Dave M offered us his third post by tackling a model of sustainable sourcing transparency over on Buyer Analytics. He says that to learn more about ethical sourcing, we need look no further than Mountain Equipment Coop, which takes corporate transparency to a whole new level. MEC fully discloses non-compliance in its supply chain. It reports material issues and openly discusses the dilemmas the company faces when it comes to ethical sourcing. It publishes an annual sourcing report with positive and negative information. It realizes the foundations of the solution to any problem, including sustainability, are truth and open discussion.

On MEC’s Ethical Sourcing blog, Harvey Chan tackles pollution, social ills, and the developing world. In the article he notes that, according to the United Nations Environment Program, Canada, on a per capita basis, produces five times more carbon dioxide than a communist apparatchik in China or an impoverished farmer in Sri Lanka, which is not all that “progressive”. The only thing us Canadians can be proud about is that we’re still slightly ahead of our southern neighbors, who produce 2.3% more equivalent global carbon dioxide emissions. He also points out that paying disposal taxes when we buy a product is brilliant because we consumers are price sensitive and making pollution costly will force us to think about our choices. This indicates that the big challenge facing government is finding similar policy instruments to reduce industry driven carbon dioxide emissions and that carbon taxes on corporations is the next logical step.

It’s Not Easy Being Green

Sustainability may be more … much more … than being green, but that doesn’t mean one should ignore the great article that recently popped up over on Chief Executive.

The article essentially starts off by noting that while CEOs would argue that global warming is a legitimate universal problem to be solved, they may not be as clear on which of the dizzying array of green products, strategies and promises are, in fact, about sustainability. What impact will a “green” strategy have on the environment? shareholder value? corporate finances? and how do you know if the strategy is “green“? A CEO can’t just do what she believes is right – because it’s not the company’s money, it’s the shareholder’s money. She has to balance on what is currently a tightrope walk between fiduciary responsibility and environmental correctness. She has to find the “zen of being green” – the sweet spot – that represents a decision that is good for the environment, the company, and thus the shareholders.

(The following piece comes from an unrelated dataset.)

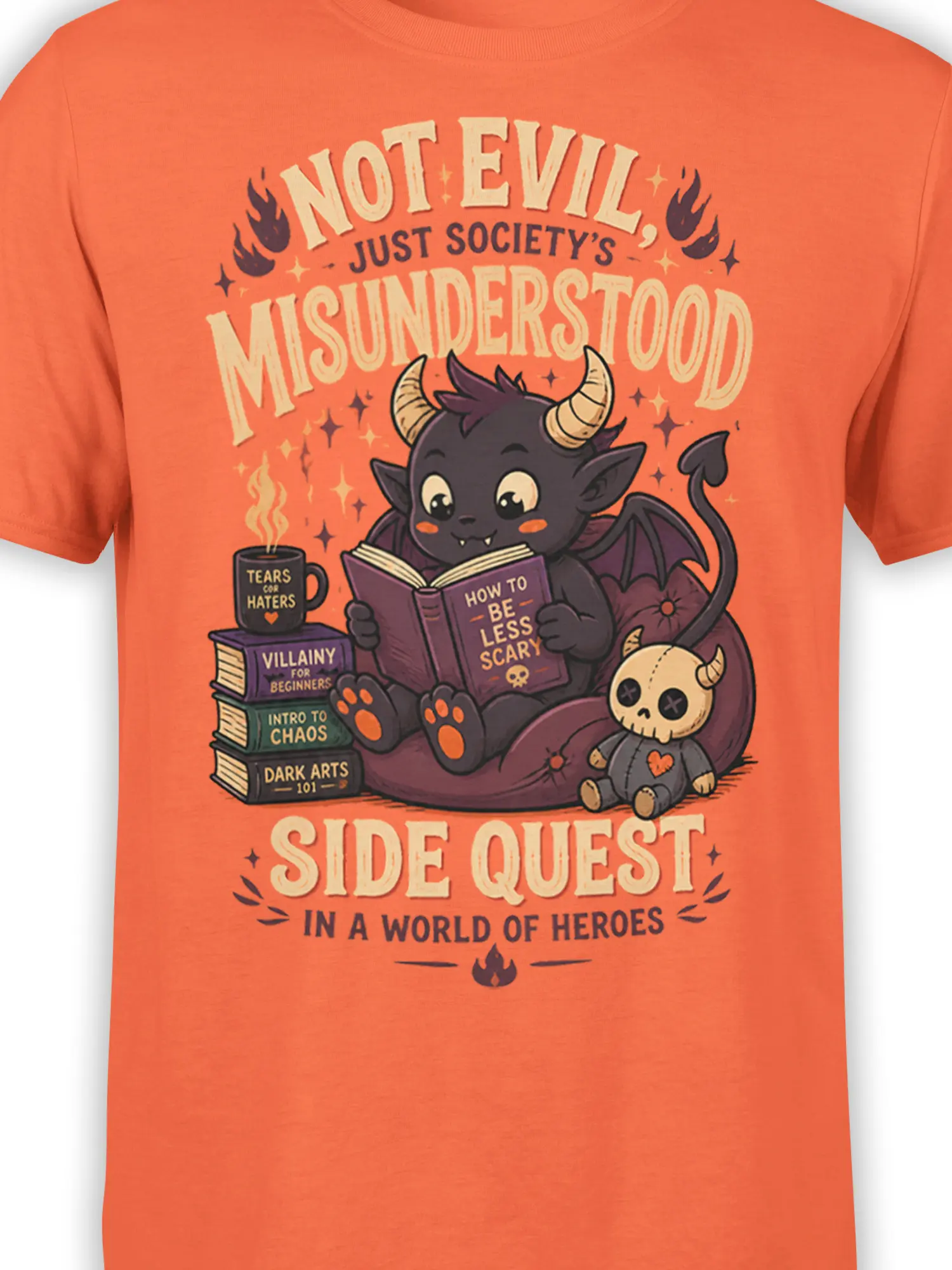 Close-up of horned demon, dark books, skull doll, and side quest artwork on coral fabric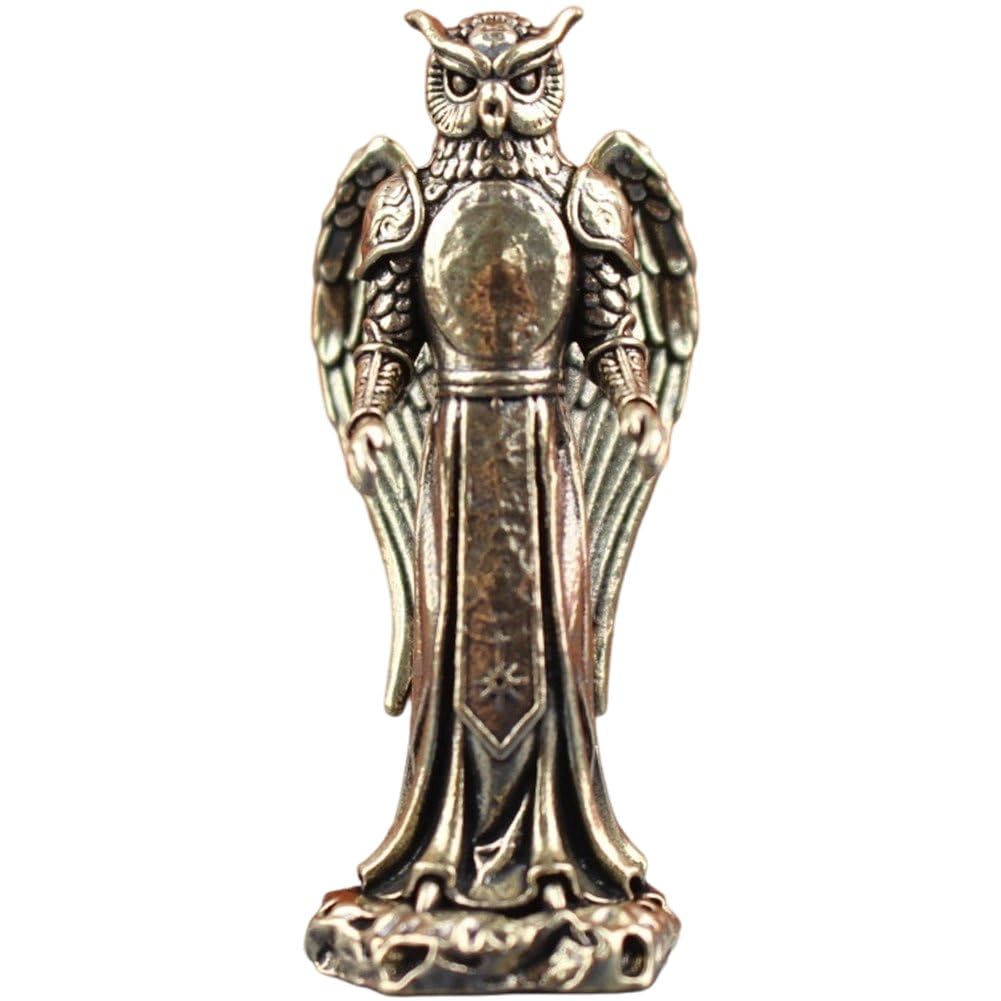 Ymxygz Brass Figurine Mini Owl Knight Statue Animal Figurines Miniature Retro Bird Sculpture Collectibles Home Desktop Decoration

The article then notes that a good place to start is with conservation strategies. For example, with today’s skyrocketing energy costs, energy conservation will save your company big bucks. Waste reduction in manufacturing will allow you to produce more with less. Paper reduction will also save big – in cost and in environmental impact. And efficiency will provide cost savings all around.

Now it’s true that not every cost-efficient strategy will be environmentally friendly, just like not every environmentally friendly strategy will be cost-efficient, but since companies are going to pay one way or the other – either today by adopting more environmentally friendly practices across the board or tomorrow when they are regulated, fined, or both – companies need to start taking environmental sustainability and green seriously today. Besides, as adoption of new practices and environmentally friendly materials grows, economies of scale will eventually kick in.

The article also notes that not only do consumers expect companies to make money and profit from the sustainability work they do but that they are starting to realize that if it’s not financially sustainable, it’s not going to be environmentally sustainable. This is good news. You can’t save the whales if you can’t save yourself. (And, if you’re truly innovative, there’s no good reason why you should not be able to do both!)

The article also includes a short check-list of five things to consider while developing your earth-friendly strategy.

  • Don’t Fudge!
    If you’re behind the green curve, and your customers are noticing, don’t rush out with a half-baked scheme – otherwise, you’re likely to be labeled as a “greenwasher” or a “green-lite” organization, and will earn the scorn of the watchdogs and consumers you were hoping to impress.
  • Pick the Low-Hanging Fruit.
    Start small and wring out energy costs, for example. Gain knowledge, save money, and keep investors calm before going for the big win.
  • Partner Wisely.
    Work with organizations that have proven success rates that will work with you, not just the first nonprofit that calls. The local non-profit might have great passion for the environment, but if they’ve never worked with an organization of your size before …
  • Show Your Work.
    The best defense against a “greenwashing” label is transparency. Be sure to tell your story in a metrics-driven, fact-based manner.
  • Get the Word Out.
    Once you have an authentic, successful green strategy, advertise.

Some Recent Pieces on Sustainability

Last November, the Supply Chain Management Review ran an article on The Sustainable Supply Chain that noted that being sustainable is now a source of competitive advantage and a matter of corporate survival rather than a costly inconvenience.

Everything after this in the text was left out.